A rare association between multiple sclerosis and Charcot-Marie-Tooth type 1B.

The association between multiple sclerosis (MS) and hereditary and sporadic demyelinating disorders of the peripheral nervous system is extremely rare. We herein report a case of Charcot-Marie-Tooth disease type 1B with p.Val102fs mutation in the MPZ gene that developed relapsing remitting MS.

The association between multiple sclerosis (MS) and hereditary (Kawamura et al., 2013) and sporadic (Potulska‐Chromik et al., 2012) demyelinating disorders of the peripheral nervous system is extremely rare. Nevertheless, the contemporary involvement of both central and peripheral myelin could be related to a unique autoimmune pathogenetic mechanisms allowed by the partial homology among peripheral and central proteins (Kawamura et al., 2013; Potulska‐Chromik et al., 2012).

Herein we describe a case of Charcot‐Marie‐Tooth disease type 1B (CMT1B) who developed relapsing MS.

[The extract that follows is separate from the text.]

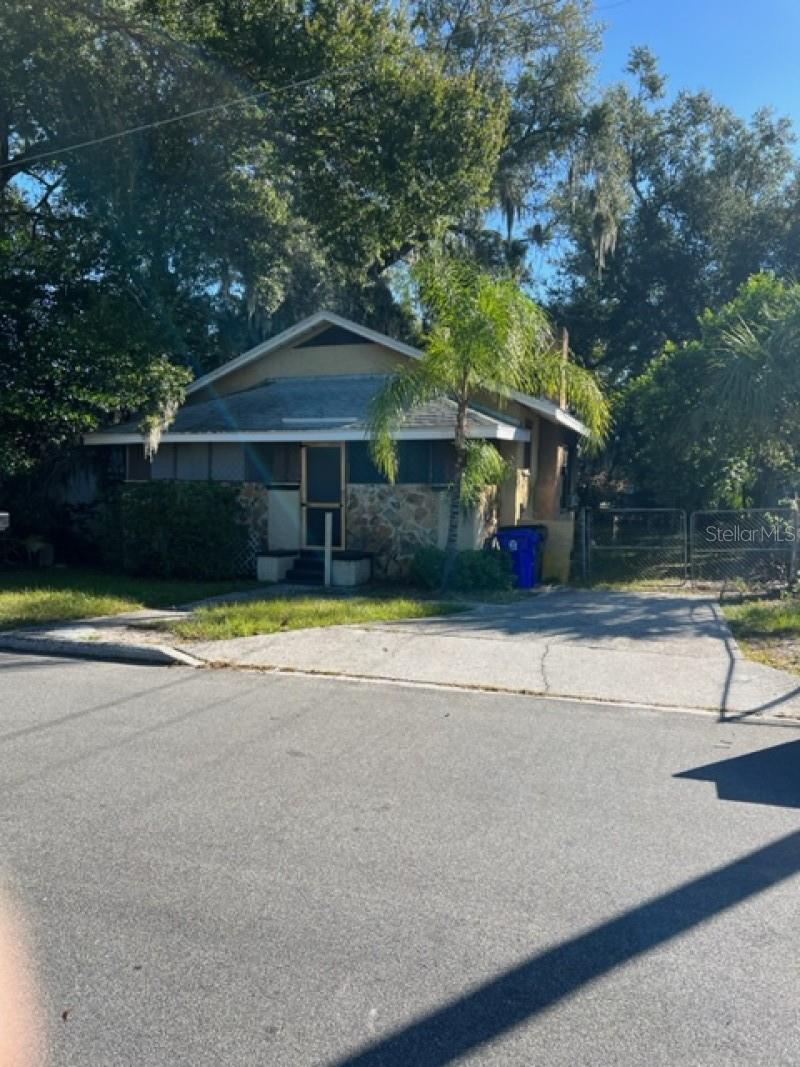 1031 N Florence Ave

A 40‐years‐old woman was admitted to our hospital complaining of a 10 years history of bilateral progressive weakness and numbness of the lower limbs, followed by loss of strength and difficulty with fine motor skills from a few months before the observation.

She also referred a history of bulimic alimentary disturbance when she was 34, fully recovered after 3‐year treatment with paroxetine (20 mg/daily). Because of this disorder the patient underwent a brain MRI that showed two T2 hyperintense, nongadolinium‐enhancing lesions of right semiovale center and corona radiata, initially interpreted as gliosis.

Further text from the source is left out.